Nested Views And Bad Plans – Not Pushing Predicates

I came across an issue in one of our production SQL Servers yesterday that had to do with nested views and sudden, terrible performance of once highly responsive queries.  First a little background….

Views on Top of Views

In one of our application databases, we have a complex view that is used to denormalize financial transaction information to make it easier for users to access all the various dates, amounts, and other identifying flags  in a single “selectable” object.  This view works well for our purposes and has been reliably quick to return results (we maintain the underlying indexes and statistics and have optimized the tSQL in the view to a reasonable level).

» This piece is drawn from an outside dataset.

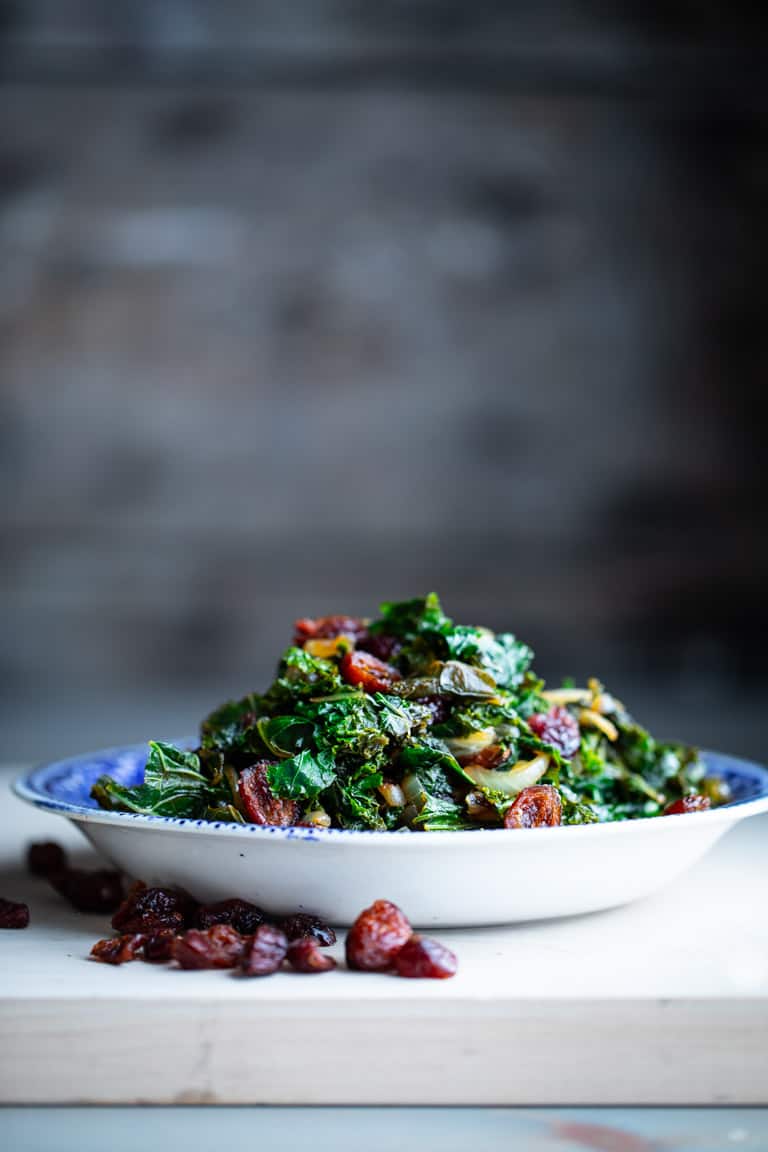 Side view of a bowl of kale with cranberries and balsamic vinegar on a gray table with a gray background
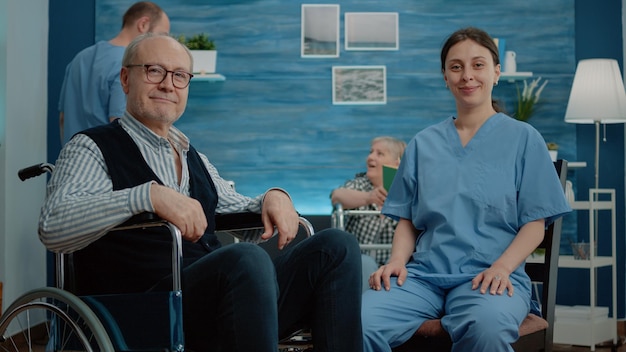 Portrait of disabled senior man sitting with woman nurse in nursing home, looking at camera. Retired adult in wheelchair getting help and assistance from medical assistant at facility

In an effort to extend this approach of giving users access to a simplified version of the underlying data through a view,  a second view was developed to provide users with aggregate data.  This second view  performs a select on the first view with several sum and count functions and a long group by list.  So we have a “nested view” scenario with fairly complicated query logic in each view.

View 1 – Denormalized Data
create view vwCustomerHoldings as
Select custid, acctid, fundID, fundName, code1, code2, price1, price2, price3, tradedate, effectivedate
From <~20 tables with various join conditions>
View 2 – Aggregates of the denormalized data
create view vwCustomerHoldingsAggregate as
Select custid, acctid, fundID, fundName, code1, code2, tradedate, effectivedate,sum(price1), sum(price2), sum(price3)
From vwCustomerHoldings
GROUP BY custid, acctid, fundID, fundName, code1, code2, tradedate, effectivedate

For months and months we had no issues with various users pulling data with queries like this:

Select *
from vwCustomerHoldings
Where effectivedate = ‘6/21/2013’
and code1 in (‘val1′,’val2′,’val3′,’val4′,’val5′,’val6′,’val7′,’val8′,’val9’)

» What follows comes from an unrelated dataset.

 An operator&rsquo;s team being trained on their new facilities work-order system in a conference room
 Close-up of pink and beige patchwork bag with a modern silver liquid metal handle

The typical response time was 3-5 seconds which is well within acceptable bounds for this application.  Yesterday, execution duration jumped up to ~2 minutes for the same call.

We checked the statistics on the underlying tables first and they were fresh within the last 6 hours.  (I have a  stats age script I have been using for a long time from Glenn Berry that I got here.)  There were no index or underlying table structure changes and there hadn’t been a significant change to the underlying data (other than the usual overnight load of yesterday’s transactions).  So we started executing the query in management studio and looking at the IO stats and the query plans.  As you might imagine the query plans associated with calls like this are very large and difficult to dissect online, so I’m going to focus on the results of SET STATISTICS IO ON which were just as revealing of the issue.

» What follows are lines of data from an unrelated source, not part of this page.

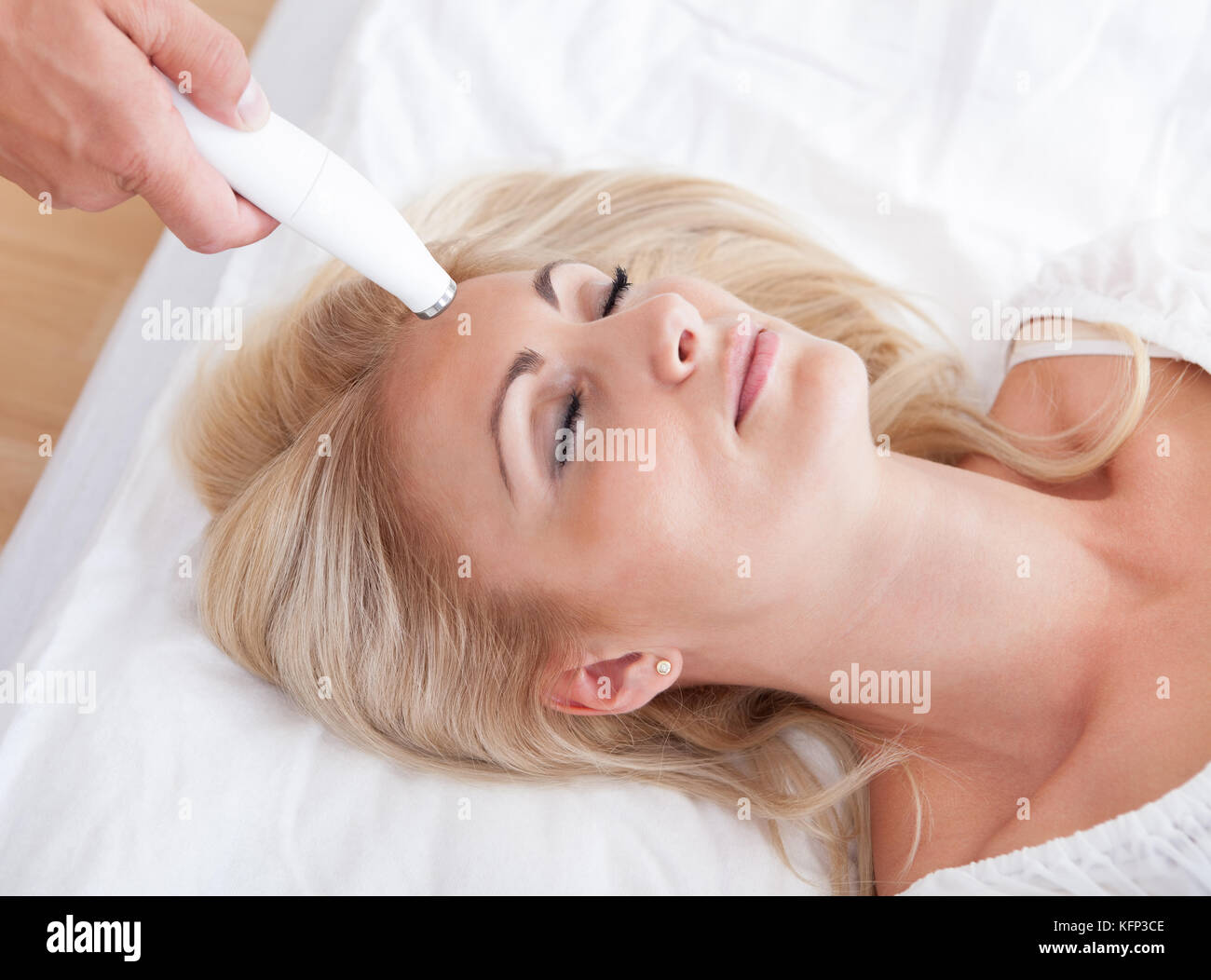 Profile View Of Happy Young Woman During Cosmetic Treatment, Indoors Stock Photo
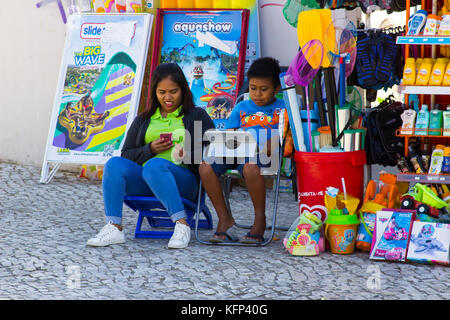 Mutter und Sohn benutzen ihr Handy und Tablet, während sie vor ihrem kleinen Laden in Albuferia in Portuga sitzen Stockfoto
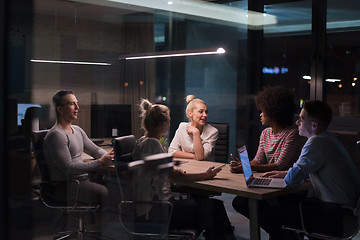 Image showing Multiethnic startup business team in night office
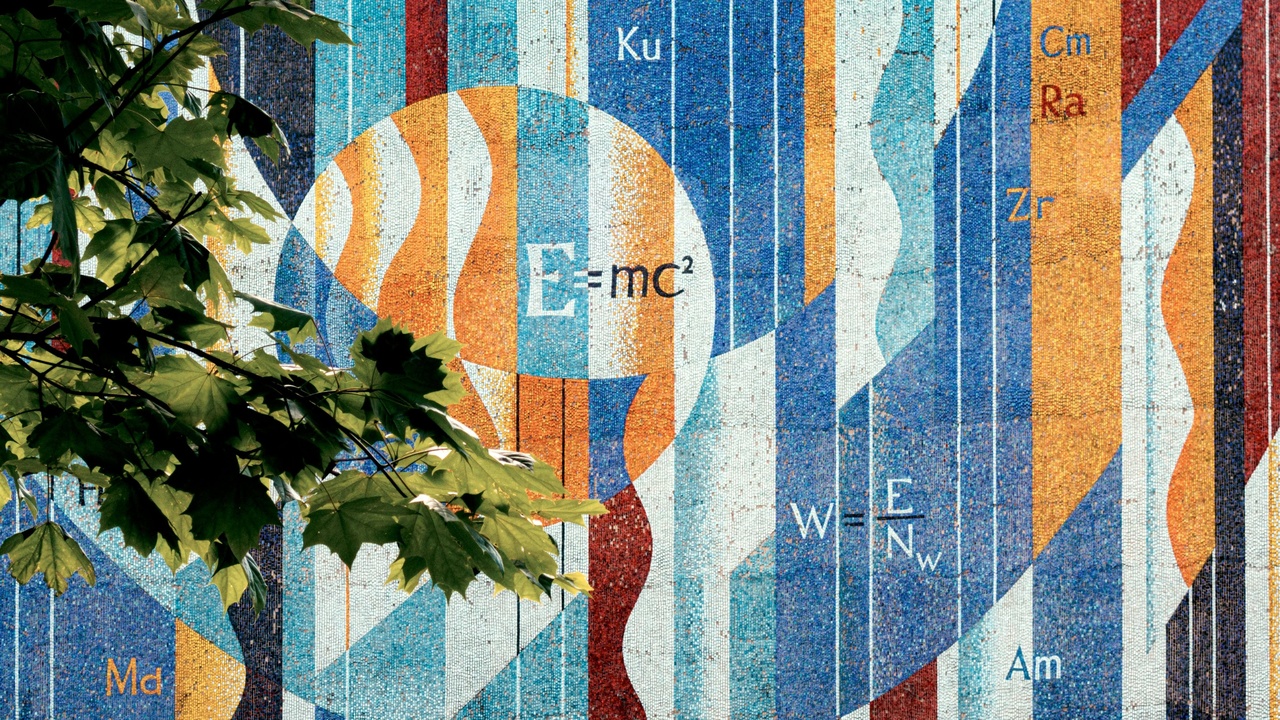 Illustration of spacetime curvature and clock showing time dilation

First we ran the query against a dev system with a smaller data set, and got a good result (4 second response time).  The Statistics IO information is below:

It has a high read profile (~400K reads on average for the good plan), but that is OK in our environment. When we run the same query on the production data set, the statistics IO looks a LOT different and has a few key elements that reveal what is happening;

stats1

The first thing that stands out is the HUGE IO on the Worktable object (>100 Million Reads).  Obviously, SQL Server has chosen a less than optimal plan to execute the TSQL on our production instance.  My initial reaction is “How can there be so many reads with that Worktable? Its almost like it’s reading the entire underlying data set with no where clause at all….!??!”…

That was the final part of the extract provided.